Shasta Baby (Always sung to the tune of "Santa Baby." Yes, I'm just that weird.)

Shasta Zulu

Hasta-be Shasta

Shastakovich

Pupcakes 

Little Sweetie

Little Wolf

Puppers

It's a wonder she ever learned her name, isn't it?


----------



## Redhawk (Jul 8, 2011)

Depends what she has done and what mood I am in 

When she wakes up and is being all nice and loving:

Puppy-wuppy
Cutie-pie
Lovey Dovey
Honey Bunny
Pumpkin 
Smoothie
Puppy Love

When she is irritating me:

Tav!? Did you do THIS!?!
Tav! Come! I have HOTDOG!!!
Good Girl! I swear I love you, but why have you done this?
Oh, I knew a puppy would be a lot of work, but this is crazy!

When she is being really, really bad:

What the :silly: You  I cant believe you  have done this!
NO! NO! NO! NO!
Ohmygod, why did I get a puppy, why did I get a puppy?
Whats wrong with me? I think I'm going crazy. My life is over, I have no life, the puppy is ruling my life and I will never be able to do anything I want or need to do again.



Interestingly, she answers to all these names. Also interestingly, her response to all these names is also very different


----------



## XTOL (Jun 9, 2010)

Oops...Forgot one. When I first got Abby I had intended on calling her
Trixie. I had always thought if I had a female dog I would call her Trixie.
I just liked the name for some reason.

But when I got her home it just didnt work. So I had no name.
So for the first 10 days or so she had no name. I had to call her
something so I started calling her "Little Weed". I have no idea why.
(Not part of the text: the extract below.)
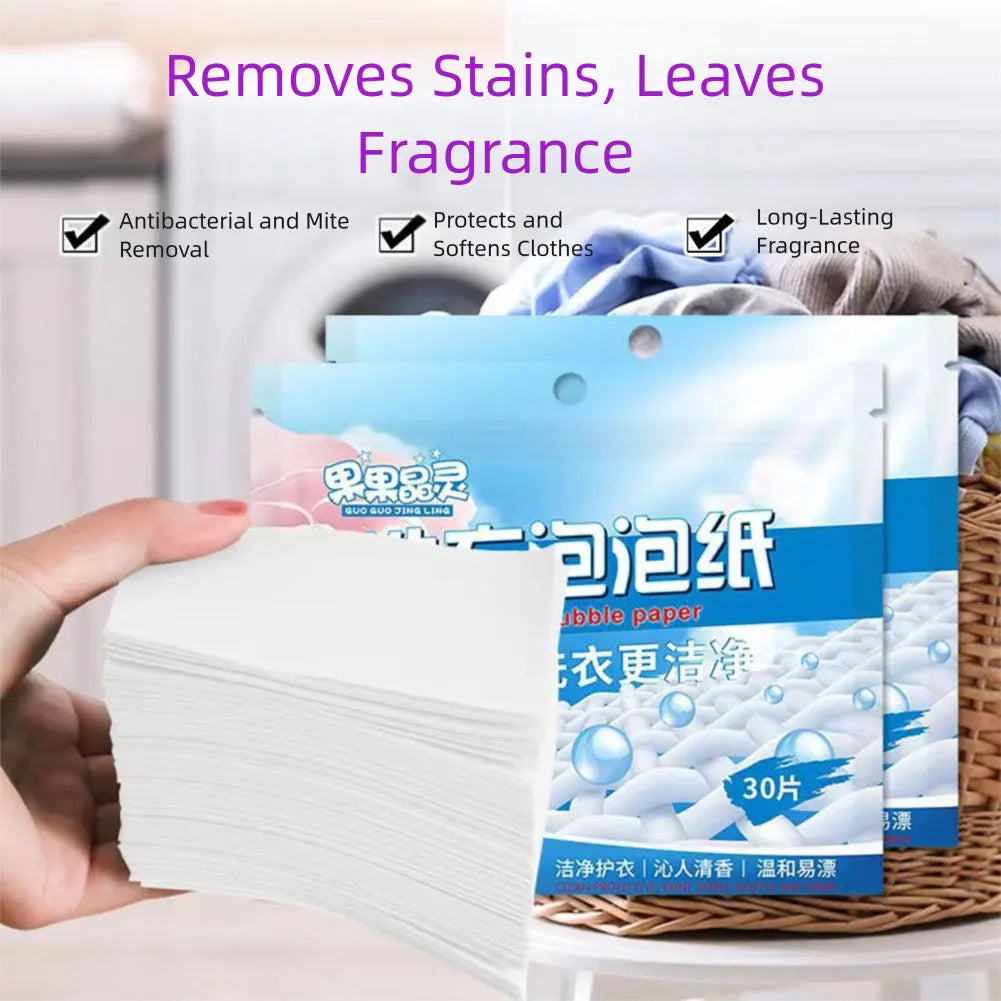 Concentrated Laundry Detergent Sheets | 30/60/90 Pack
So its a good thing my Mom came up with Abby. Or I would have
a German Shepherd named Little Weed. She was starting to respond
to it too...


----------



## Redhawk (Jul 8, 2011)

mwiacek10 said:


> Gunny:
> 
> Gun
> Gunny-gunner
> Fluffly (only because the pet psychic told me he doesn't like it!)
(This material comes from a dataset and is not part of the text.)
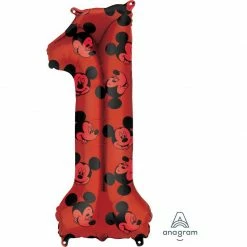 AMSCAN SUPERSHAPE MICKEY MOUSE FOREVER NUMBER 1 L35 Supershape Foil Balloons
Lol! That is so funny, I might have to visit this psychic to find out what Tav dooesn't like as well


----------



## lisgje (Sep 3, 2010)

Chance
Chancey boy
Big mouth baby
big horse
big love bug
Nut job
Darnit chance!
chance really!
Nochanceisaidno!
chanceouchnostopitnnononononononononononoleaveitchance! LOL Bad day!
goodboysweetieloveyouchanceyboymybiglovebug. Good day

He actually understands all and knows what they mean! LOL Smart boy! LOL


----------



## Chicagocanine (Aug 7, 2008)

Oh I forgot one, Bianca also think her name is "Hey kitty, stop that!" LOL


----------



## tsteves (Jun 7, 2011)

Kona
Kona Von Wooferhausen
Kona Von Snugglebum 
Mammas - What my sister calls her 
Lil Brat
Dexter, Thumper and Star - The cats names (she thinks they are hers too) 
Any name yelled out at the dog park

Im sure there are more random nicknames that I cant think of that we call her - things like Kona Von Stinky Bum when she has an icky poo lol and the ones that we call her when she is naughty :wub:


----------



## Ronda (Aug 23, 2010)

Saphira's nicknames are

"The Darkness"
"Honey Badger"
"Pheara"
"Bestestworstestpuppyevah!" 

Ronda


----------



## tsteves (Jun 7, 2011)

Ronda said:


> Saphira's nicknames are
> 
> "The Darkness"
> "Honey Badger"
> ...


May I just say your avatar makes me want a black GSD so bad. Beautiful pup. :wild:


----------



## Zuiun (Jul 1, 2011)

Brody sometimes gets called Doofus, but I don't really count that as an official nickname, because it's more just a description of him being... well, him.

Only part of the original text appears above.